The result is that Chariot is a collection of brief, single-page poems that exist in tiny universes of their own, one after another after another; were I asked to describe Chariot in a single word, I’d probably use dense, but dense in the sense of compact rather than abstruse. But even if Donnelly is a very cerebral poet, he’s never struck me as unapproachably so. After all, one of my favorite poems from The Problem of the Many is titled “Flamin’ Hot Cheetos.”
That said, Chariot is marked by passages like this, the opening stanza of “Night of the Gowanus”:
The drum track refers to matter’s tendency to integrate while the notes that make up the melody assert themselves as individuals, the way particles constitutive of wholes always do, recapitulating the dynamic equilibrium of the universe.
Knotty stuff. Metaphysical ruminations on polluted Superfund Brooklyn waterways aside, there has always been a wry lightness, coupled with a thoroughgoing earnestness, to Donnelly’s elusive poetry, and Chariot continues that tradition. That somewhat off-kilter combination is one of the reasons I keep coming back to Donnelly’s work, and it’s a hallmark of his voice.

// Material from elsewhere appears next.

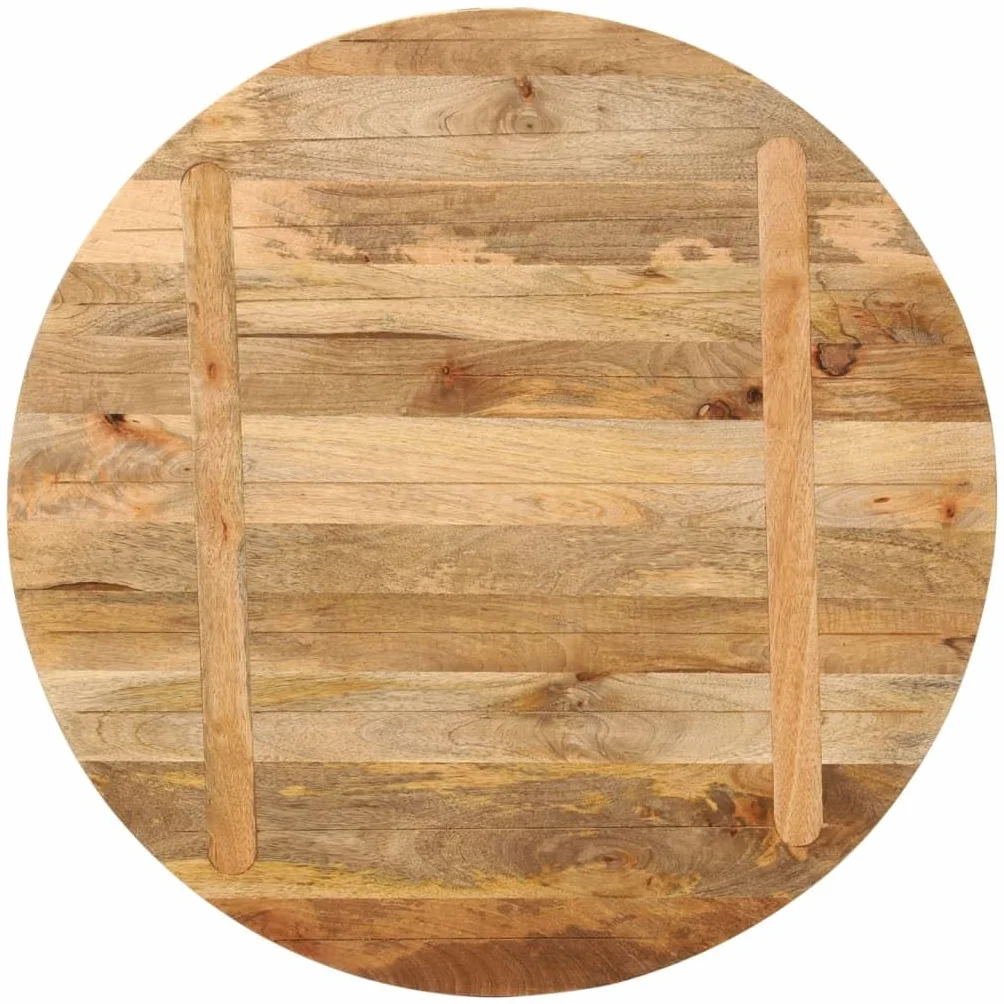 vidaXL Tablero de Mesa Redondo Madera Maciza de Mango Ø 90x3,8 cm, Superficie de Mesa, Tablero de Mesa de Madera, Tablero de Mesa de Centro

Examples in Chariot include “Heritage,” in which a trip to Stonehenge is illustrated by pop-culture references (“we climb / in silence to the stones, where for lack of any better idea we pose / one by one in front of them like the Night King from Game of Thrones.”), and the opening stanza of “All Vanishes,” which reads:
Old ocean, salty bachelor, when you roam the solitude of your realm, you are right to grow boastful over the magnificence of what you are and give birth to, plus all that love you get from poets!

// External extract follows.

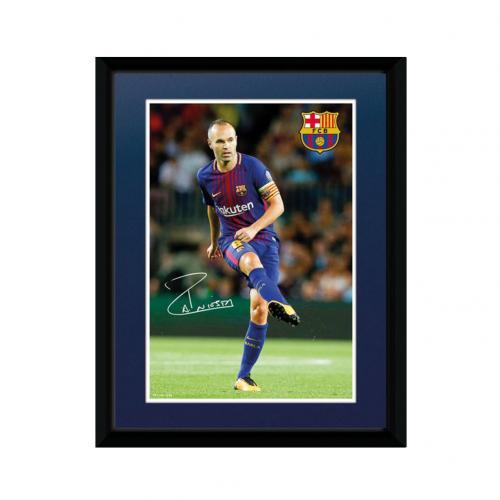 F.C. Barcelona Picture Iniesta 8 x 6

Until the stanza’s wry last phrase, these lines could almost be mistaken for a poem written in the 19th century (I think of Wordsworth: “for the sky and the sea, and the sea and the sky / Lay dead like a load on my weary eye”).

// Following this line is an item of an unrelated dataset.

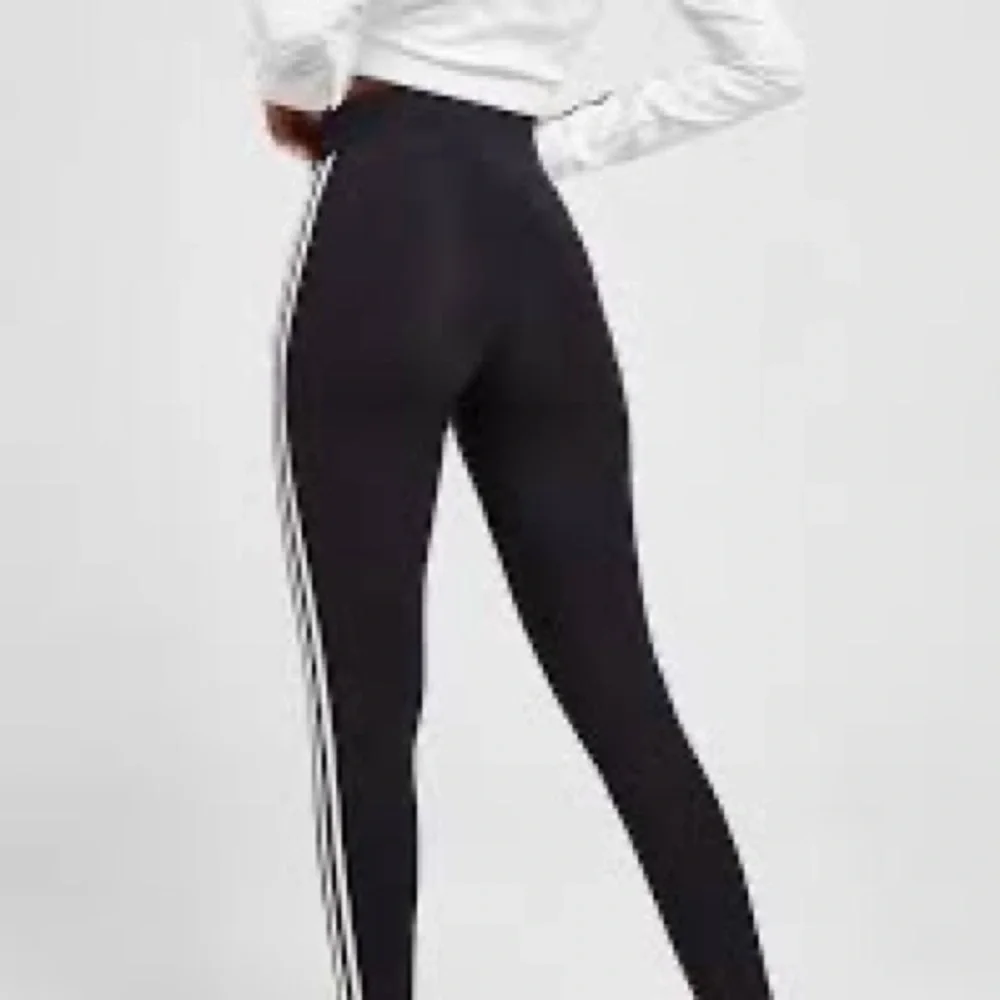 Adidas Women's D2m 3 Stripes High-Rise Long Tights, Size XL - Picture 9 of 13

Donnelly’s tendency toward an old-fashioned earnestness comes to fruition in “The Bard of Armagh,” a retelling of the Irish ballad of the same name. The poem stands out from the rest of Chariot for a number of reasons: it’s the only poem in the collection that rhymes; it includes an honest-to-God refrain that’s an echo of the original; and as mentioned, “The Bard of Armagh” is the only poem in Chariot that isn’t 20 lines long. Here, for comparison, are Donnelly’s closing stanza and the ballad’s:
Donnelly: but one will keep you safer put. Death won’t embrace me frowning, or it might—but I heard a tune today, and felt an awe only we who drift far from shore can, a beauty as if meant to save me in the currach of its moment, rowed by the Bard of Armagh.
Irish ballad: And when in his cold arms Death shall embrace me, Och! lull me asleep with sweet 'Erin-go-Bragh', By the side of my Kathleen, my first love, then place me, Then forget Phelim Brady, the Bard of Armagh.
Though the style of “The Bard of Armagh” is striking, its theme is of a piece with the rest of Chariot (and Donnelly’s larger body of work): exploring with an inward gaze the “daze of my birthright as a person.” And by doing so examining the very experience of life, time itself, and “the total of what is, pulling us along / in its procession like a chariot,” as Donnelly writes the first of two poems titled “Chariot,” which arrive toward the end of the collection.
“How,” the speaker asks, “did we get here? Unclear if it matters; what matters”
is we stay—aloft in possible color, all the oil paints and pastels that came to represent for the painter “a reconciliation with the external world,” as I just now read in a book, which is a vessel to chair the world, itself a vessel to chair all possible worlds.
This is as close to a thesis statement as you’ll find in Donnelly’s writing: what matters is staying “aloft” in the face of being pulled “irreversibly deeper” into life by life, and the way Donnelly does that for himself and for us—helping to reconcile our existences with the external world—is with words.